State Fire Service (, PSP) is a professional fire fighting service in Poland. It is subordinate to the Polish Ministry of Interior and Administration. The modern State Fire Service is based on the 1992 legislation.

State Fire Service covers the entire territory of Poland. In all the second-level units of local government and administration in Poland - powiat (county, district) -, fire brigades operate district headquarters (Komenda Powiatowa Państwowej Straży Pożarnej), city headquarters in bigger cities (Komenda Miejska Państwowej Straży Pożarnej) with command posts and dispatch centers alongside one or several fire stations (Jednostka Ratowniczo-Gaśnicza JRG). They are subject to 16 provincial headquarters (Komenda Wojewódzka Państwowej Straży Pożarnej).

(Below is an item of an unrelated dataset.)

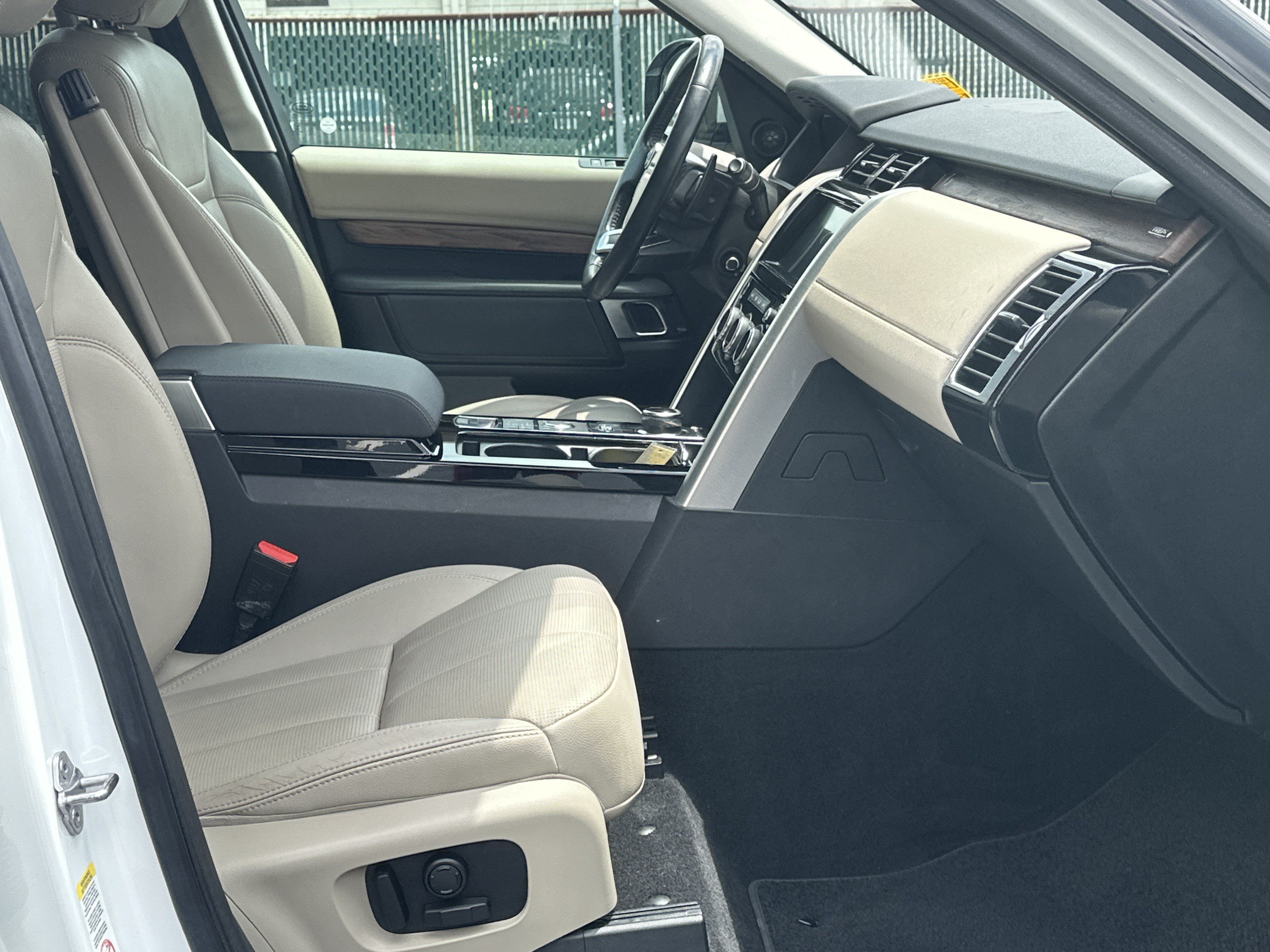 Used 2018 Land Rover Discovery HSE AWD/4WD image 12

Professional firefighters (PSP) respond immediately after the alarm and are often assisted by volunteers associated in Voluntary Fire Service (Ochotnicza Straż Pożarna, OSP) with more than 15,700 fire stations in nearly every bigger settlement.

Structure
National Headquarters of the State Fire Service (Warsaw)
 Voivodeship Headquarters in Białystok
 Voivodeship Headquarters in Gdańsk
 Voivodeship Headquarters in Gorzów Wielkopolski
 Voivodeship Headquarters in Katowice
 Voivodeship Headquarters in Kielce
 Voivodeship Headquarters in Kraków
 Voivodeship Headquarters in Lublin
 Voivodeship Headquarters in Łódź
 Voivodeship Headquarters in Olsztyn
 Voivodeship Headquarters in Opole
 Voivodeship Headquarters in Poznań
 Voivodeship Headquarters in Rzeszów
 Voivodeship Headquarters in Szczecin
 Voivodeship Headquarters in Toruń
 Voivodeship Headquarters in Warszawa
 Voivodeship Headquarters in Wrocław
Each Voivodeship Headquarters supervises District Headquarters (335 in 2019) and fire-fighting units.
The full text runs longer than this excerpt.